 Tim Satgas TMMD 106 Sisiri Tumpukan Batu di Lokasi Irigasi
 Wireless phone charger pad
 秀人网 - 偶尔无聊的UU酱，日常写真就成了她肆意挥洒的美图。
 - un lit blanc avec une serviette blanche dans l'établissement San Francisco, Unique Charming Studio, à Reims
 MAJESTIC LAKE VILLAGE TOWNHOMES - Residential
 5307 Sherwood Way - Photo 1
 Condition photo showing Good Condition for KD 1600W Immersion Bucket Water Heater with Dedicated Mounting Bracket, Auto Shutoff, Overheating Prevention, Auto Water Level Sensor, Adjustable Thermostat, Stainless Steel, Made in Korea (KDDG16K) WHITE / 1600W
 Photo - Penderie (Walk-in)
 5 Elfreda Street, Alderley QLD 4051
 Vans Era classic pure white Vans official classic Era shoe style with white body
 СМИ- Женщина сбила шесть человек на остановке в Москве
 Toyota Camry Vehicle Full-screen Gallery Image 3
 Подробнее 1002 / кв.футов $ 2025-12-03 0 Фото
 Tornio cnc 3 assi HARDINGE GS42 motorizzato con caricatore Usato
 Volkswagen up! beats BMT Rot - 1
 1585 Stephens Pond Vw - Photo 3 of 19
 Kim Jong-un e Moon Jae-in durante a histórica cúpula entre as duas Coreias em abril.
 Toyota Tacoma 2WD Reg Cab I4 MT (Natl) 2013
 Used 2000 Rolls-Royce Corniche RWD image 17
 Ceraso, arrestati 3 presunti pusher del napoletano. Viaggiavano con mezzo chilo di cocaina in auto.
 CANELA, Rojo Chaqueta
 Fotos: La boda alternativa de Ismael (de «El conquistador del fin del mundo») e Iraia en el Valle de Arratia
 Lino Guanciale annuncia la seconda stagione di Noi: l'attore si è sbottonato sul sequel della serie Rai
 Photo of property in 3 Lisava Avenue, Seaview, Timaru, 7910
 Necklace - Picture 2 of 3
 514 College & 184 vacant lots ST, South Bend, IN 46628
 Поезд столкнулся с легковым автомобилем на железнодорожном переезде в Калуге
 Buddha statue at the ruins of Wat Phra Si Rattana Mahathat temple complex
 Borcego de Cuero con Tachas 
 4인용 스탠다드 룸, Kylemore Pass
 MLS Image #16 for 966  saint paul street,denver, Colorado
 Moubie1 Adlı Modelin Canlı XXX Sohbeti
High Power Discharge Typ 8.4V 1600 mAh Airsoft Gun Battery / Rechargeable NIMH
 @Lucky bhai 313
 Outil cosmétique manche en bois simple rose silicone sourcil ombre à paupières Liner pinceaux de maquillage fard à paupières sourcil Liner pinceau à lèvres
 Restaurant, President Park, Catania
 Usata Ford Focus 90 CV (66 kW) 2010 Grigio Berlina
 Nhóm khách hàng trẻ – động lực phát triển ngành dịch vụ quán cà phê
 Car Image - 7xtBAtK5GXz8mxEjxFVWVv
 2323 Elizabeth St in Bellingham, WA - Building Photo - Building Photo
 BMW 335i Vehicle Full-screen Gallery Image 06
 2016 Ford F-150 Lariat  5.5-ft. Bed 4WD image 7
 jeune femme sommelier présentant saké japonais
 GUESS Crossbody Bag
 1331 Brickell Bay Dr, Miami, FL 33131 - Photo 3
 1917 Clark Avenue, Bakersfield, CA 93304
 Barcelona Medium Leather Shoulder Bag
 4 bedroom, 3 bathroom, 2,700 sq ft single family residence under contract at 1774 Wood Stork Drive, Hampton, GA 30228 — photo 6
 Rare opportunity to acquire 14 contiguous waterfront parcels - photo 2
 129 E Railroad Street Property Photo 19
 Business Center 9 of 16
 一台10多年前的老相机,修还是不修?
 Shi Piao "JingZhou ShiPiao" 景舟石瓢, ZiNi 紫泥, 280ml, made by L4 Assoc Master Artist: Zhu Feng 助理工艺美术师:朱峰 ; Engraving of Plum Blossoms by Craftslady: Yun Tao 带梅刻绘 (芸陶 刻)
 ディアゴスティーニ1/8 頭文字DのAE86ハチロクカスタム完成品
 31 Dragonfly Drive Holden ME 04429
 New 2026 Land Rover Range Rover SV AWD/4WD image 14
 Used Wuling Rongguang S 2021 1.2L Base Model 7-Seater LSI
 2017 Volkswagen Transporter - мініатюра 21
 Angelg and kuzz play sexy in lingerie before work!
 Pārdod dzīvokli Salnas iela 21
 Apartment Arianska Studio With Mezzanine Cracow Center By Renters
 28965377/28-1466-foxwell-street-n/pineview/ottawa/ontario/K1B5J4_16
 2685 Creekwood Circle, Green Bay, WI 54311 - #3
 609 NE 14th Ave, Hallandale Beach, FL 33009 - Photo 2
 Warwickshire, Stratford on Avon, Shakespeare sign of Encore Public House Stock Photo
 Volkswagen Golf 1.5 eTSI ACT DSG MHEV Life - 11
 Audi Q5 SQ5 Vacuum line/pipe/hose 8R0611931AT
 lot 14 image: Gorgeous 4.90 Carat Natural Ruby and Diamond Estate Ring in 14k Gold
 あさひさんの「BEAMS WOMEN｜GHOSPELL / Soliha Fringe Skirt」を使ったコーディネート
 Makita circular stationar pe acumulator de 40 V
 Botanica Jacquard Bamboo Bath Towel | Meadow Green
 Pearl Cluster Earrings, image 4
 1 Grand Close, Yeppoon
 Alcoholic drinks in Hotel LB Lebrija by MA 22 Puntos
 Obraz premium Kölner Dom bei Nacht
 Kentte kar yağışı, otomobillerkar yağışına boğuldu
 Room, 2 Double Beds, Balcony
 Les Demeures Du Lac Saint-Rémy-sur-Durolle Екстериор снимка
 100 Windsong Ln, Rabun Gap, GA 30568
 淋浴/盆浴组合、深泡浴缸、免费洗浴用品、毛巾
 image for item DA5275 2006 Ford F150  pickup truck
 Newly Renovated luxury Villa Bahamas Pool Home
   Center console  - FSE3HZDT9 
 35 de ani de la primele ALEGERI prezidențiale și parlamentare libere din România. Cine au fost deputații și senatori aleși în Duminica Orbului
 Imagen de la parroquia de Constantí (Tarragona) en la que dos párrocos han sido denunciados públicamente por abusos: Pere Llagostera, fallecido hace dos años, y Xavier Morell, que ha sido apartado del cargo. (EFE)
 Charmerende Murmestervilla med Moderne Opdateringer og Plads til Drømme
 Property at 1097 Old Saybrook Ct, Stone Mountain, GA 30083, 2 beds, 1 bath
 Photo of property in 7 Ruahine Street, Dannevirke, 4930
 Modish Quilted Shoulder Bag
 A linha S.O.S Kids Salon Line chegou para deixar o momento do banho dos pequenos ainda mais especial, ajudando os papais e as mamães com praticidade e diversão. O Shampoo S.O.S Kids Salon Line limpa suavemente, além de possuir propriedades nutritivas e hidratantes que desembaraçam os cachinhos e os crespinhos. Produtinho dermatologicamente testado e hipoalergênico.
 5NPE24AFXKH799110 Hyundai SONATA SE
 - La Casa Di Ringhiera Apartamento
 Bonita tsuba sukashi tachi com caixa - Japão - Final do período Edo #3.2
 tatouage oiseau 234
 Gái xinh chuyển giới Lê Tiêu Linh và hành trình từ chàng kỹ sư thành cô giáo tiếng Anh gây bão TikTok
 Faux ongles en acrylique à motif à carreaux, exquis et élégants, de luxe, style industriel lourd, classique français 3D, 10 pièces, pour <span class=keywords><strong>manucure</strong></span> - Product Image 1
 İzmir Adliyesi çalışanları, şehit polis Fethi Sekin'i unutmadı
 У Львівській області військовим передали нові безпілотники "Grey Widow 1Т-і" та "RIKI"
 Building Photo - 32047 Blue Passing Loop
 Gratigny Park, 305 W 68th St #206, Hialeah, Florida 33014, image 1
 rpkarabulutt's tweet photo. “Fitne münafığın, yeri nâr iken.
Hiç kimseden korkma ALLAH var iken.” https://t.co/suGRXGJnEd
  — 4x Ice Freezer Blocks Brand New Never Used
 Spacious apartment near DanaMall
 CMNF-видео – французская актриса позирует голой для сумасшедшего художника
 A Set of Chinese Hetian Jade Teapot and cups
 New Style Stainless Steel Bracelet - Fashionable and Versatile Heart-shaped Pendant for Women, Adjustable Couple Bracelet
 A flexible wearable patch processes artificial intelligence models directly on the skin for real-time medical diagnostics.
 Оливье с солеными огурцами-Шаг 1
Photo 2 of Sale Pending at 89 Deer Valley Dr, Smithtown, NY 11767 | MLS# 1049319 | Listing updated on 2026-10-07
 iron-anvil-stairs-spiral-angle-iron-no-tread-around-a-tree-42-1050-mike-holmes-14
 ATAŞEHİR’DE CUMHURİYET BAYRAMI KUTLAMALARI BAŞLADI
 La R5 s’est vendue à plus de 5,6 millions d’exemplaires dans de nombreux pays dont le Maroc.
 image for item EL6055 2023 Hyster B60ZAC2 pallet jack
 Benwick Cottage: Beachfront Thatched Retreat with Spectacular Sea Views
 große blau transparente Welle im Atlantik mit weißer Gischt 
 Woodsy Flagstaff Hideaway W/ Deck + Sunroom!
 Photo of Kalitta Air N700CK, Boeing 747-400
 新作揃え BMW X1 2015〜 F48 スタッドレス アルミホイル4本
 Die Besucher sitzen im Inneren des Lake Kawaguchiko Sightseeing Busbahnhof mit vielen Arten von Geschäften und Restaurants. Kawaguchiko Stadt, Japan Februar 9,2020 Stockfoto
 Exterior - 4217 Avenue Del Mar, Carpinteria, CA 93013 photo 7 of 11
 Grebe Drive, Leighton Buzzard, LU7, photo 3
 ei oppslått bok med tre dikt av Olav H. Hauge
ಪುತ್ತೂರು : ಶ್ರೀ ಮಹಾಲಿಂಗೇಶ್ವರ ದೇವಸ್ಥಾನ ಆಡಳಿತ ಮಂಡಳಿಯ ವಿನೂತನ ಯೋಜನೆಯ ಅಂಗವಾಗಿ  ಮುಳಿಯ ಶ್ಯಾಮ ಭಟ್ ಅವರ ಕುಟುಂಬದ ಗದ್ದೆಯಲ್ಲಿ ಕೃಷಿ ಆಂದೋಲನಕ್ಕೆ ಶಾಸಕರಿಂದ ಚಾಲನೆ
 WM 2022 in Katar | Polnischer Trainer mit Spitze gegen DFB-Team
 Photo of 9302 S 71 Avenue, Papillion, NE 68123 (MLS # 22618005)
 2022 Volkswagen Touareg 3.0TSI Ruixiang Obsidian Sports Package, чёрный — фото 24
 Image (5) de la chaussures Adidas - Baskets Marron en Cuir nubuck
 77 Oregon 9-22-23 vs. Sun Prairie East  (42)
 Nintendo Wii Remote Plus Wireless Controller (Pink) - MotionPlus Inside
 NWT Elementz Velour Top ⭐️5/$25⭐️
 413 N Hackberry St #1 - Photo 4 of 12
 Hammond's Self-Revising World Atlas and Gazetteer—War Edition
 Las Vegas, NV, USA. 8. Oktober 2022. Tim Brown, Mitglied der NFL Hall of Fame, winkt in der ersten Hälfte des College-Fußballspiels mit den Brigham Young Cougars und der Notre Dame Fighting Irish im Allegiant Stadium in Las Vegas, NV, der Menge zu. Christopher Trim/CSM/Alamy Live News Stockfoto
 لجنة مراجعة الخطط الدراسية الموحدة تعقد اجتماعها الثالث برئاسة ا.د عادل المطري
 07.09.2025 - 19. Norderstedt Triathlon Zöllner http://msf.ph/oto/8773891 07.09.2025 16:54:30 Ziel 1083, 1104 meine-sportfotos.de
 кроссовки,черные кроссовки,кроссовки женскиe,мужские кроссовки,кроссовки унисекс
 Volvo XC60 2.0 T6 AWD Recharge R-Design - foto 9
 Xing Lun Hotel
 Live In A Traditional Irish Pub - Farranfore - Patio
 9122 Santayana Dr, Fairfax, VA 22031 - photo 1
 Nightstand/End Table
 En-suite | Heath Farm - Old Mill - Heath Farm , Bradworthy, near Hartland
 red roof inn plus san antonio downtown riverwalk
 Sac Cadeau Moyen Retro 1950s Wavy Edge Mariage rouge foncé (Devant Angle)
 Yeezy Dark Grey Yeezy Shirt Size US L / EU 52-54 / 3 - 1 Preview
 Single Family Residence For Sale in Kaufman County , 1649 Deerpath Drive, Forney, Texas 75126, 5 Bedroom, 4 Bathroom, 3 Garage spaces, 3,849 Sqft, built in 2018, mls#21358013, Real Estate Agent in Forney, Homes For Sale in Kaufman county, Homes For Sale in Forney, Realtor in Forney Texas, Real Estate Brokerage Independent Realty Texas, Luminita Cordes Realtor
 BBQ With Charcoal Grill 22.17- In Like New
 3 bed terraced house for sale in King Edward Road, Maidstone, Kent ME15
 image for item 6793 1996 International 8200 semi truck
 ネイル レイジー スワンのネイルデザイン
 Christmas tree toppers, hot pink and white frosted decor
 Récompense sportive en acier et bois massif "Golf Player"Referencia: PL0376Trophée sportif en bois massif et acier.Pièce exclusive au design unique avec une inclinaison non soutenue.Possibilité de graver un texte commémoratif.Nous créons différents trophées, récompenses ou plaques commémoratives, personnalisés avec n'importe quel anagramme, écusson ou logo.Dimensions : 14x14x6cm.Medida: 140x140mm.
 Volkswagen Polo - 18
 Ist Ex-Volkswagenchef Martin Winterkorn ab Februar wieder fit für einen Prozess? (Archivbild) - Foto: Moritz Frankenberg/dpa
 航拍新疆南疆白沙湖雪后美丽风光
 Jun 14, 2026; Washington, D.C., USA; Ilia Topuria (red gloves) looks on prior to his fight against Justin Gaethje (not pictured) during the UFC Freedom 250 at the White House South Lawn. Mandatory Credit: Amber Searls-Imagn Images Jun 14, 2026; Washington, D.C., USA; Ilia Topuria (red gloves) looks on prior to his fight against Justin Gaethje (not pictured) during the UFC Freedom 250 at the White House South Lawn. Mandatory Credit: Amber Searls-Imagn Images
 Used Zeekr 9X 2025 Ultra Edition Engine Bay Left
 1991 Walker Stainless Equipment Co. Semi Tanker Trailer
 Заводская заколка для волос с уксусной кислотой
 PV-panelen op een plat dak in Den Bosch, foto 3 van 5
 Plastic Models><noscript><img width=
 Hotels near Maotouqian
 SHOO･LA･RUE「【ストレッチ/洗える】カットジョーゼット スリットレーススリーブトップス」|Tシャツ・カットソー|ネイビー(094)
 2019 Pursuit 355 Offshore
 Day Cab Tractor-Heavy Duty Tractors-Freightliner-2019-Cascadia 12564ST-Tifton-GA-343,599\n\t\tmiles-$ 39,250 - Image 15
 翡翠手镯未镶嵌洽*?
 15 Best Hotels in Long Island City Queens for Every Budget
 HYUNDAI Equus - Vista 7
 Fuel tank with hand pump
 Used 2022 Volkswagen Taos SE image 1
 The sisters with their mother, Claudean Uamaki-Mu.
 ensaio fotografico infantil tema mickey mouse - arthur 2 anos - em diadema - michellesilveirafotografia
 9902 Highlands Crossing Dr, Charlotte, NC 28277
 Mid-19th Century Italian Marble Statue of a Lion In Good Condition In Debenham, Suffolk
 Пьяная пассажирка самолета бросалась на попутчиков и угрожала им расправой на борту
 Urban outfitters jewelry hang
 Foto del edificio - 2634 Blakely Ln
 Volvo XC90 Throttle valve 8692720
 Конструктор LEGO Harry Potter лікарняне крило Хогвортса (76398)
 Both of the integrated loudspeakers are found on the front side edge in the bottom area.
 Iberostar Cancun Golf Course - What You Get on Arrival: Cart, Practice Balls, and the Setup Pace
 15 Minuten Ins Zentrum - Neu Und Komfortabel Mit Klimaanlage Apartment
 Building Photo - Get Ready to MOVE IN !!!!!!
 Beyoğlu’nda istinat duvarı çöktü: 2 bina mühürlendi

ABOUT THIS EXERCISE: Quote exactly the first line of the data and every line after it through the one holding "5307 Sherwood Way - Photo 1".

EXERCISE RESPONSE:
 Tim Satgas TMMD 106 Sisiri Tumpukan Batu di Lokasi Irigasi
 Wireless phone charger pad
 秀人网 - 偶尔无聊的UU酱，日常写真就成了她肆意挥洒的美图。
 - un lit blanc avec une serviette blanche dans l'établissement San Francisco, Unique Charming Studio, à Reims
 MAJESTIC LAKE VILLAGE TOWNHOMES - Residential
 5307 Sherwood Way - Photo 1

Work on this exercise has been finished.